Hoy se acercan al Señor Jesús un grupo de personas que, quizá, piensan del mismo modo. Están escandalizados y cuentan al Señor que Pilato después de matar a algunos galileos que se alzaron contra él, mezcló su sangre con la de sus sacrificios. Esto era inadmisible dado que para los hebreos la sangre es el lugar donde reside la vida.
El Señor Jesús aprovecha la ocasión para llamar a conversión a todos y en particular a aquellos que le traían la noticia. «¿Pensáis, les dice, que esos galileos eran más pecadores que los demás galileos?» «Os digo que no; y si nos os convertís, todos pereceréis del mismo modo».
También a nosotros nos invita a conversión el Señor. Él conoce, mejor que nosotros, lo que hay dentro nuestro corazón. Sabe con qué facilidad juzgamos a los demás. En muchas ocasiones estamos convencidos de que tenemos la razón, y nos tomamos la libertad de juzgar a los demás sólo por las apariencias. El Señor nos alerta para que no caigamos en el pecado del juicio. Un pecado al que, con demasiada frecuencia, no damos la importancia que tiene. Santiago nos dice en su carta: «No habléis mal unos de otros, hermanos. El que habla mal de un hermano o juzga a su hermano, habla mal de la Ley y juzga a la Ley; y si juzgas a la Ley, ya no eres un cumplidor de la Ley, sino un juez… ¿quién eres tú para juzgar a tu hermano».
Estamos en Cuaresma, un tiempo especial de conversión. Por tanto, es necesario ser conscientes de este pecado y moderar no sólo nuestra lengua, sino también nuestros pensamientos. No hay que juzgar en ningún modo al otro, aunque sea evidente que obra mal. Tener presentes nuestras deficiencias y ponernos en su lugar, nos ayudará a no caer en este pecado. No olvidemos las palabras del Señor: «No juzguéis y no seréis juzgados».
El Señor nos pone una parábola para ayudarnos a ver cuál es nuestra situación en esta vida. Nos habla de un propietario que posee una viña con una higuera, y que lleva tres años buscando fruto en ella sin encontrarlo. Cansado dice al viñador: «Córtala. ¿Para qué va a ocupar terreno en balde?

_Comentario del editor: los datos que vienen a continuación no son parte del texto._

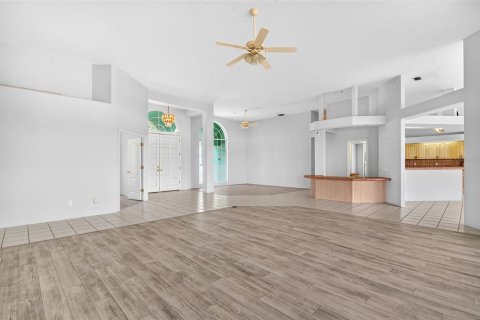 House in Riverview, Florida 4 bedrooms, 342.25 sq.m. № 2151846 - photo 19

Pero el viñador le responde: Señor, déjala todavía este año; yo cavaré alrededor y le echaré estiércol, a ver si da fruto. Si no, el año que viene la cortarás».
Quizá preguntes: ¿Qué tiene que ver esta parábola con tu vida o con la mía? Muy sencillo. La higuera somos tú y yo. El propietario es Dios Padre y el viñador es Jesucristo. El Padre nos ha dado la vida y la libertad junto con otros muchos dones, esperando que nosotros diéramos fruto. Sin embargo, incapacitados para obrar el bien a causa de nuestros pecados, hemos utilizado esos dones sólo en beneficio nuestro. Somos como la higuera que crece frondosa con muchas hojas, pero que no da fruto alguno.
¿Qué frutos espera el Señor de nosotros? Fundamentalmente estos: el amor, la misericordia y la comprensión para aquellos que nos rodean y que en muchas ocasiones se equivocan y nos hacen daño. Tus hijos, tus padres, tu suegra o tu suegro, tus hermanos o tus vecinos, tu jefe o tus compañeros de trabajo, etc. ¿Cuántas veces eres intolerante con ellos, no los soportas y no les perdonas? Merecemos, sin duda, un castigo. Sin embargo, por suerte para nosotros, tenemos a uno, al viñador, al Señor Jesús, que intercede por nosotros ante el Padre mostrándole sus llagas, y recordándole que ya Él pagó por nuestras infidelidades y pecados. Convirtamos, pues, nuestro corazón a Él y pidámosle su ayuda.